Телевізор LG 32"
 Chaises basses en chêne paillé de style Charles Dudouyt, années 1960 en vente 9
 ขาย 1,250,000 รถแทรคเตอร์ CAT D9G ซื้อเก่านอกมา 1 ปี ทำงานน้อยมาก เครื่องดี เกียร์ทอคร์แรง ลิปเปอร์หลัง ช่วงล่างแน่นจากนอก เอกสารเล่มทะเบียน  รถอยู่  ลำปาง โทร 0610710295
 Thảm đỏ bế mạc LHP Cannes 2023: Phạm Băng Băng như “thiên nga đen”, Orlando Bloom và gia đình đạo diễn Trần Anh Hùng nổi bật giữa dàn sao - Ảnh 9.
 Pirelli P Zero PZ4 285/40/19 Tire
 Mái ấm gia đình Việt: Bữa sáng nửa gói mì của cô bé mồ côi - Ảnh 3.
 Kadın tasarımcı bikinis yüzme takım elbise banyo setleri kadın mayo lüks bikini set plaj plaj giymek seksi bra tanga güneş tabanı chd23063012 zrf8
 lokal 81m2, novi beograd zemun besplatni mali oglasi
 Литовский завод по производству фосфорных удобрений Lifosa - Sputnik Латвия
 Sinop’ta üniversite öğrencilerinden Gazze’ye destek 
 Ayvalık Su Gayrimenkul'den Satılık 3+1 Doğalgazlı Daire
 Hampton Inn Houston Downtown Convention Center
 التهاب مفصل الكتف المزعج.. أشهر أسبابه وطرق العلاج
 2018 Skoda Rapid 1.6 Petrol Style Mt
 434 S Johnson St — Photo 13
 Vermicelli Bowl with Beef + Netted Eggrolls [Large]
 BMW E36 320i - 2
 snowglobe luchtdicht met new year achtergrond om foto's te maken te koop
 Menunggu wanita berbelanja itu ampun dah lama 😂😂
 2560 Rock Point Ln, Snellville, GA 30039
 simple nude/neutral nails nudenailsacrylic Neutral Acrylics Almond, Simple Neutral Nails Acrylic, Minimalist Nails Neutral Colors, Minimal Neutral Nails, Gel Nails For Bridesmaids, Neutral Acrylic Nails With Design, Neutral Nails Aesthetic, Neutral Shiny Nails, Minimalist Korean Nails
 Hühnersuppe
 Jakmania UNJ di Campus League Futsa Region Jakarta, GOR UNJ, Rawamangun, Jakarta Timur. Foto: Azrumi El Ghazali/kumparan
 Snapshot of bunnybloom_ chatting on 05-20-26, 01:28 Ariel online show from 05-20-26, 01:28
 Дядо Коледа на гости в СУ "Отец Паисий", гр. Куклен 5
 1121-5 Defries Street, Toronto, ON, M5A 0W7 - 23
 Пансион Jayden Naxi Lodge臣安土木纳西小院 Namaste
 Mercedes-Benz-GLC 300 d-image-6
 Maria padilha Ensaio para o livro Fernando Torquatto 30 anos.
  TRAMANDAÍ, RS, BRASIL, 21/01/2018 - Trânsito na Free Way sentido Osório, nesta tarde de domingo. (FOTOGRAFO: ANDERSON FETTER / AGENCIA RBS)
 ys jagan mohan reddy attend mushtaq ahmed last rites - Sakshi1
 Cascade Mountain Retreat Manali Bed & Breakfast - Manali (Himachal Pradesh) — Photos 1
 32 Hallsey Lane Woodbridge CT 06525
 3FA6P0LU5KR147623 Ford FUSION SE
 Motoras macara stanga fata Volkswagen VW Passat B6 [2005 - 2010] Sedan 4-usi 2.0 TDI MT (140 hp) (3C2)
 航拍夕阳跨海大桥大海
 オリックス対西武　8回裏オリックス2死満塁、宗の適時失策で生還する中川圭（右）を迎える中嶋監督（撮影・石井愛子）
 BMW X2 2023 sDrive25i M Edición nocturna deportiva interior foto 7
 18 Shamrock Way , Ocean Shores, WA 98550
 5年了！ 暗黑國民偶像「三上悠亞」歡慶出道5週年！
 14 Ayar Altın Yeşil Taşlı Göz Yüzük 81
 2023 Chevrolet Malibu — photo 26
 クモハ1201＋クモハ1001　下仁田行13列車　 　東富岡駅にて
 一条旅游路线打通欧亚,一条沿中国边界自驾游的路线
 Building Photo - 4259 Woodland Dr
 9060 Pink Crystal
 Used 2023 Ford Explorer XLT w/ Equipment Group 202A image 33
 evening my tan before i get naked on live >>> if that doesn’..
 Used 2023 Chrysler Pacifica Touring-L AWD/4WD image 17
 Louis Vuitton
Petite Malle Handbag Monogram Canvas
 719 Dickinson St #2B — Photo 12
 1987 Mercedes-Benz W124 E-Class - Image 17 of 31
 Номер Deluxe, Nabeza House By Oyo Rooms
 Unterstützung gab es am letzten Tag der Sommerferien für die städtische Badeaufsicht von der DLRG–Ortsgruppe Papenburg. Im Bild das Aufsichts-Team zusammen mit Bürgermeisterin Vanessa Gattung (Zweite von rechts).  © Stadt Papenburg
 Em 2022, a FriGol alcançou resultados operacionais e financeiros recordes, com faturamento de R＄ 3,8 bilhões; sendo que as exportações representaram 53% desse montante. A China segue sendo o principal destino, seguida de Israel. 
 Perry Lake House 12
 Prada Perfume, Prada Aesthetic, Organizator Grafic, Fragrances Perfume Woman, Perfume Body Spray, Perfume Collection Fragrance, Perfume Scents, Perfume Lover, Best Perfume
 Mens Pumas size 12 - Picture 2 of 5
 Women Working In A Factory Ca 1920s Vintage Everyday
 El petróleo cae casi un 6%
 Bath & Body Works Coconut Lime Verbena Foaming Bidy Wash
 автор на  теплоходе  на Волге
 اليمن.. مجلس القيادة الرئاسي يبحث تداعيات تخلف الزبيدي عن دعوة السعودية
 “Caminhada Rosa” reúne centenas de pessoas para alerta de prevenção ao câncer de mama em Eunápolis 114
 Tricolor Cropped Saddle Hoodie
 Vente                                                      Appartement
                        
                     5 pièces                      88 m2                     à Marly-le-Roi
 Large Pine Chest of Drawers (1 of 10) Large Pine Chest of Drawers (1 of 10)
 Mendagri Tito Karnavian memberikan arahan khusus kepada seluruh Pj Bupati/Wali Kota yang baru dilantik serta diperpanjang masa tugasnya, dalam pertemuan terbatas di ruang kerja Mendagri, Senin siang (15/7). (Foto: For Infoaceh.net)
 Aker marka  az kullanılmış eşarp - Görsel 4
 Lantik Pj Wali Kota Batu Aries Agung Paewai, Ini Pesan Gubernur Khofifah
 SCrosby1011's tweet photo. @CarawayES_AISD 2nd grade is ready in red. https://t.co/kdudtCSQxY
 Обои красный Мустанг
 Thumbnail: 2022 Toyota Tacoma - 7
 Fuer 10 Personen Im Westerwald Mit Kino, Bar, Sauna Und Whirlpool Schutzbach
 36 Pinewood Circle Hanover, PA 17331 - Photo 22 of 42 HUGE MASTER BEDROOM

+++

Directions for this task » Write out each record exactly, without addition or omission.

Solution below »
Телевізор LG 32"
 Chaises basses en chêne paillé de style Charles Dudouyt, années 1960 en vente 9
 ขาย 1,250,000 รถแทรคเตอร์ CAT D9G ซื้อเก่านอกมา 1 ปี ทำงานน้อยมาก เครื่องดี เกียร์ทอคร์แรง ลิปเปอร์หลัง ช่วงล่างแน่นจากนอก เอกสารเล่มทะเบียน  รถอยู่  ลำปาง โทร 0610710295
 Thảm đỏ bế mạc LHP Cannes 2023: Phạm Băng Băng như “thiên nga đen”, Orlando Bloom và gia đình đạo diễn Trần Anh Hùng nổi bật giữa dàn sao - Ảnh 9.
 Pirelli P Zero PZ4 285/40/19 Tire
 Mái ấm gia đình Việt: Bữa sáng nửa gói mì của cô bé mồ côi - Ảnh 3.
 Kadın tasarımcı bikinis yüzme takım elbise banyo setleri kadın mayo lüks bikini set plaj plaj giymek seksi bra tanga güneş tabanı chd23063012 zrf8
 lokal 81m2, novi beograd zemun besplatni mali oglasi
 Литовский завод по производству фосфорных удобрений Lifosa - Sputnik Латвия
 Sinop’ta üniversite öğrencilerinden Gazze’ye destek 
 Ayvalık Su Gayrimenkul'den Satılık 3+1 Doğalgazlı Daire
 Hampton Inn Houston Downtown Convention Center
 التهاب مفصل الكتف المزعج.. أشهر أسبابه وطرق العلاج
 2018 Skoda Rapid 1.6 Petrol Style Mt
 434 S Johnson St — Photo 13
 Vermicelli Bowl with Beef + Netted Eggrolls [Large]
 BMW E36 320i - 2
 snowglobe luchtdicht met new year achtergrond om foto's te maken te koop
 Menunggu wanita berbelanja itu ampun dah lama 😂😂
 2560 Rock Point Ln, Snellville, GA 30039
 simple nude/neutral nails nudenailsacrylic Neutral Acrylics Almond, Simple Neutral Nails Acrylic, Minimalist Nails Neutral Colors, Minimal Neutral Nails, Gel Nails For Bridesmaids, Neutral Acrylic Nails With Design, Neutral Nails Aesthetic, Neutral Shiny Nails, Minimalist Korean Nails
 Hühnersuppe
 Jakmania UNJ di Campus League Futsa Region Jakarta, GOR UNJ, Rawamangun, Jakarta Timur. Foto: Azrumi El Ghazali/kumparan
 Snapshot of bunnybloom_ chatting on 05-20-26, 01:28 Ariel online show from 05-20-26, 01:28
 Дядо Коледа на гости в СУ "Отец Паисий", гр. Куклен 5
 1121-5 Defries Street, Toronto, ON, M5A 0W7 - 23
 Пансион Jayden Naxi Lodge臣安土木纳西小院 Namaste
 Mercedes-Benz-GLC 300 d-image-6
 Maria padilha Ensaio para o livro Fernando Torquatto 30 anos.
  TRAMANDAÍ, RS, BRASIL, 21/01/2018 - Trânsito na Free Way sentido Osório, nesta tarde de domingo. (FOTOGRAFO: ANDERSON FETTER / AGENCIA RBS)
 ys jagan mohan reddy attend mushtaq ahmed last rites - Sakshi1
 Cascade Mountain Retreat Manali Bed & Breakfast - Manali (Himachal Pradesh) — Photos 1
 32 Hallsey Lane Woodbridge CT 06525
 3FA6P0LU5KR147623 Ford FUSION SE
 Motoras macara stanga fata Volkswagen VW Passat B6 [2005 - 2010] Sedan 4-usi 2.0 TDI MT (140 hp) (3C2)
 航拍夕阳跨海大桥大海
 オリックス対西武　8回裏オリックス2死満塁、宗の適時失策で生還する中川圭（右）を迎える中嶋監督（撮影・石井愛子）
 BMW X2 2023 sDrive25i M Edición nocturna deportiva interior foto 7
 18 Shamrock Way , Ocean Shores, WA 98550
 5年了！ 暗黑國民偶像「三上悠亞」歡慶出道5週年！
 14 Ayar Altın Yeşil Taşlı Göz Yüzük 81
 2023 Chevrolet Malibu — photo 26
 クモハ1201＋クモハ1001　下仁田行13列車　 　東富岡駅にて
 一条旅游路线打通欧亚,一条沿中国边界自驾游的路线
 Building Photo - 4259 Woodland Dr
 9060 Pink Crystal
 Used 2023 Ford Explorer XLT w/ Equipment Group 202A image 33
 evening my tan before i get naked on live >>> if that doesn’..
 Used 2023 Chrysler Pacifica Touring-L AWD/4WD image 17
 Louis Vuitton
Petite Malle Handbag Monogram Canvas
 719 Dickinson St #2B — Photo 12
 1987 Mercedes-Benz W124 E-Class - Image 17 of 31
 Номер Deluxe, Nabeza House By Oyo Rooms
 Unterstützung gab es am letzten Tag der Sommerferien für die städtische Badeaufsicht von der DLRG–Ortsgruppe Papenburg. Im Bild das Aufsichts-Team zusammen mit Bürgermeisterin Vanessa Gattung (Zweite von rechts).  © Stadt Papenburg
 Em 2022, a FriGol alcançou resultados operacionais e financeiros recordes, com faturamento de R＄ 3,8 bilhões; sendo que as exportações representaram 53% desse montante. A China segue sendo o principal destino, seguida de Israel. 
 Perry Lake House 12
 Prada Perfume, Prada Aesthetic, Organizator Grafic, Fragrances Perfume Woman, Perfume Body Spray, Perfume Collection Fragrance, Perfume Scents, Perfume Lover, Best Perfume
 Mens Pumas size 12 - Picture 2 of 5
 Women Working In A Factory Ca 1920s Vintage Everyday
 El petróleo cae casi un 6%
 Bath & Body Works Coconut Lime Verbena Foaming Bidy Wash
 автор на  теплоходе  на Волге
 اليمن.. مجلس القيادة الرئاسي يبحث تداعيات تخلف الزبيدي عن دعوة السعودية
 “Caminhada Rosa” reúne centenas de pessoas para alerta de prevenção ao câncer de mama em Eunápolis 114
 Tricolor Cropped Saddle Hoodie
 Vente                                                      Appartement
                        
                     5 pièces                      88 m2                     à Marly-le-Roi
 Large Pine Chest of Drawers (1 of 10) Large Pine Chest of Drawers (1 of 10)
 Mendagri Tito Karnavian memberikan arahan khusus kepada seluruh Pj Bupati/Wali Kota yang baru dilantik serta diperpanjang masa tugasnya, dalam pertemuan terbatas di ruang kerja Mendagri, Senin siang (15/7). (Foto: For Infoaceh.net)
 Aker marka  az kullanılmış eşarp - Görsel 4
 Lantik Pj Wali Kota Batu Aries Agung Paewai, Ini Pesan Gubernur Khofifah
 SCrosby1011's tweet photo. @CarawayES_AISD 2nd grade is ready in red. https://t.co/kdudtCSQxY
 Обои красный Мустанг
 Thumbnail: 2022 Toyota Tacoma - 7
 Fuer 10 Personen Im Westerwald Mit Kino, Bar, Sauna Und Whirlpool Schutzbach
 36 Pinewood Circle Hanover, PA 17331 - Photo 22 of 42 HUGE MASTER BEDROOM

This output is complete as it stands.